Sunday, 12 June 2011

tar ice cream

it never really got dark in Turku
I'm just back from Turku in Finland, from the Unconventional Computing conference. I had a great week listening to talks on computing with chemicals, with membranes, with weird quantum entanglement, with closed timelike curves, and more. (Did you know that if GPS didn't correct 42 microseconds a day for relativistic effects, locations would drift by 10km a day?) The weather was beautifully clear, and extremely hot (for Finland), sometimes even hitting 30C. And, of course, at this time of year, it never really got dark.

I'd been in Turku before, in 2003, at a formal methods conference (nice weather again, but nowhere near as hot). One evening a group of us went out for a meal at the Harald "Viking" restaurant (we didn't wear the helmets...).
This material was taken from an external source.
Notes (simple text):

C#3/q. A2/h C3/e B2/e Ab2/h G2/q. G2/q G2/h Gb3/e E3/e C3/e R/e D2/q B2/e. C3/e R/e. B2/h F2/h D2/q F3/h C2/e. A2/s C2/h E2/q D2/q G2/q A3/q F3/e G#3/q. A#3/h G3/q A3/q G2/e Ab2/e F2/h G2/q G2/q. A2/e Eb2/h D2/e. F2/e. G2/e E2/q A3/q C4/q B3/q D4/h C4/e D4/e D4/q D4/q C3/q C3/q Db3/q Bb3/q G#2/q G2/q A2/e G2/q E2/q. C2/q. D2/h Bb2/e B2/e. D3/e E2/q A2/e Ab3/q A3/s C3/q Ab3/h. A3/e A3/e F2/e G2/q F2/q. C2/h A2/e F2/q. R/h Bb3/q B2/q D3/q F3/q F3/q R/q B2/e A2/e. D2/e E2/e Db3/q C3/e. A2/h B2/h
On the sweet menu was "tar ice cream". Ho, ho, ho, we went, it must be mistranslated. So we asked the server. "Tar? Like you put on the roads?" "Yes" she said. Okay, so I have to order that. It arrives: a scoop of plain white ice cream. I take a hesitant spoonful as the rest of the table watches. "It's tar!"
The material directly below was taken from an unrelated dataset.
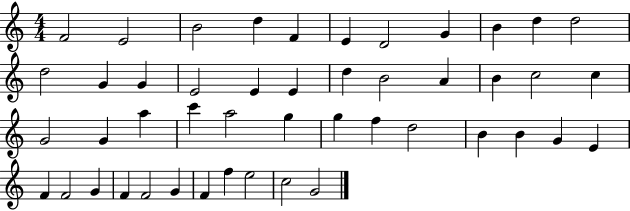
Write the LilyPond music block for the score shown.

It had a lovely tarry flavour -- like mild creosote. It is actually pine tar, made from tree sap -- and it's very nice (although not everyone agrees!). This visit, one evening I was in a restaurant, and recognised it as that same place I'd been 8 years earlier. So I looked eagerly for the tar ice cream. Still available, and still delicious.

The next day was the conference dinner. We went to a lovely place in the archipelago, where they were serving a smoky tar drink in a wooden mug -- and the dinner included (among many other kinds of fish) herring in tar. Both nice, but not as good as that tar ice cream.